**Records supplied**
━━━━━━━━━━━━━━━━━━━━

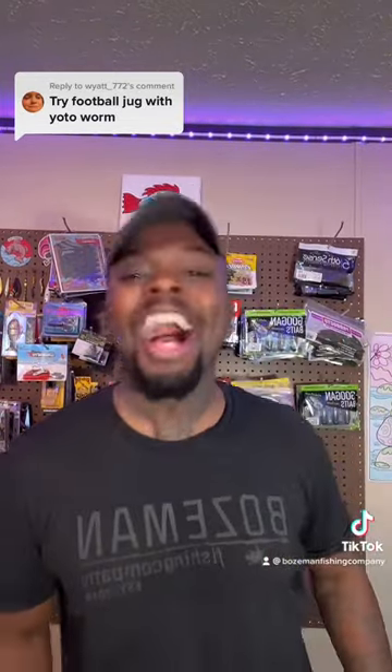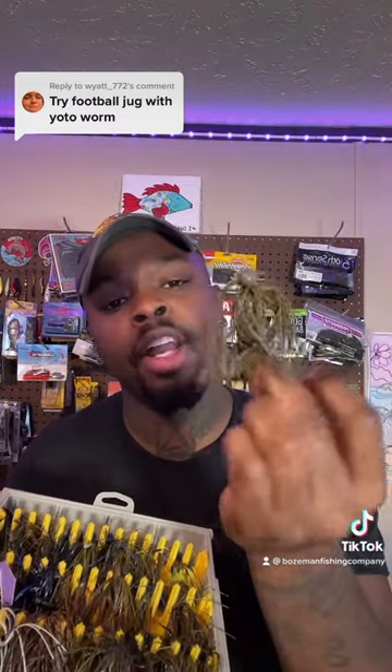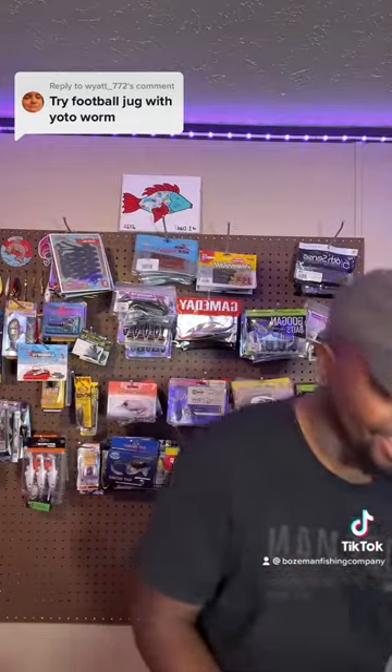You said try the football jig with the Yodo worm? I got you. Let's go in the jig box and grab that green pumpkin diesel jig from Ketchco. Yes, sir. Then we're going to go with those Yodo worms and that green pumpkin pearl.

━━━━━━━━━━━━━━━━━━━━

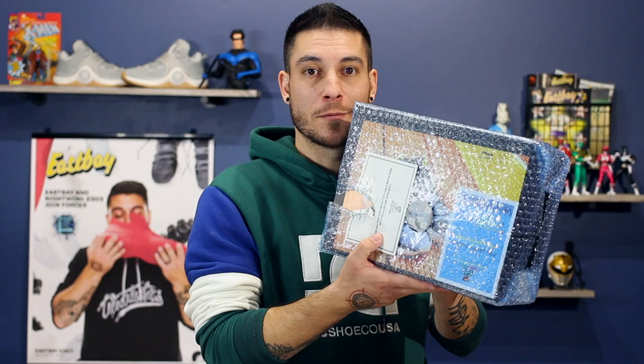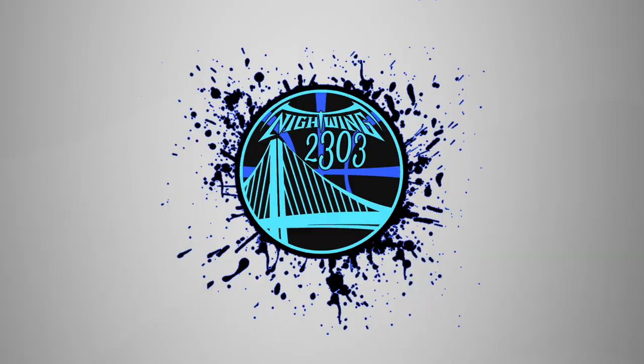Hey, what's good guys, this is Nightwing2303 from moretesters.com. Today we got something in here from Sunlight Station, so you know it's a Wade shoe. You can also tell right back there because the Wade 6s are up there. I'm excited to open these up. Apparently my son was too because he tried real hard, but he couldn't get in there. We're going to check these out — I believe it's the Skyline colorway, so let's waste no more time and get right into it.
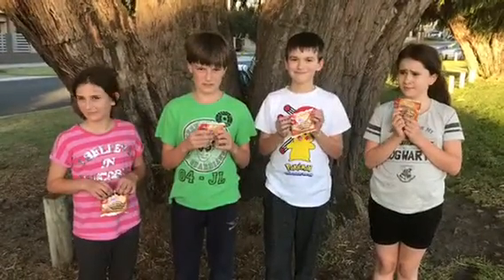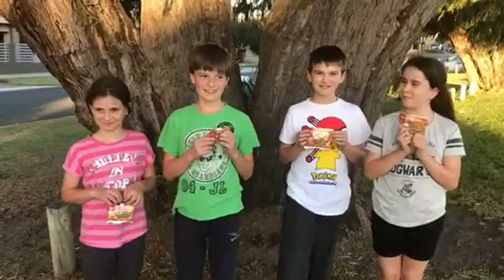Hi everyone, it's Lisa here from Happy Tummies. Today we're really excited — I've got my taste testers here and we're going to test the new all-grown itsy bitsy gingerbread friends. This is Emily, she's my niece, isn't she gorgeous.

━━━━━━━━━━━━━━━━━━━━

**What you should do**
The copy should hold exactly the lines above from the one with "Hey, what's good" through the one with "Hi everyone, it's", both ends counted, and no pictures at all.

**Output of the exercise**
Hey, what's good guys, this is Nightwing2303 from moretesters.com. Today we got something in here from Sunlight Station, so you know it's a Wade shoe. You can also tell right back there because the Wade 6s are up there. I'm excited to open these up. Apparently my son was too because he tried real hard, but he couldn't get in there. We're going to check these out — I believe it's the Skyline colorway, so let's waste no more time and get right into it.
Hi everyone, it's Lisa here from Happy Tummies. Today we're really excited — I've got my taste testers here and we're going to test the new all-grown itsy bitsy gingerbread friends. This is Emily, she's my niece, isn't she gorgeous.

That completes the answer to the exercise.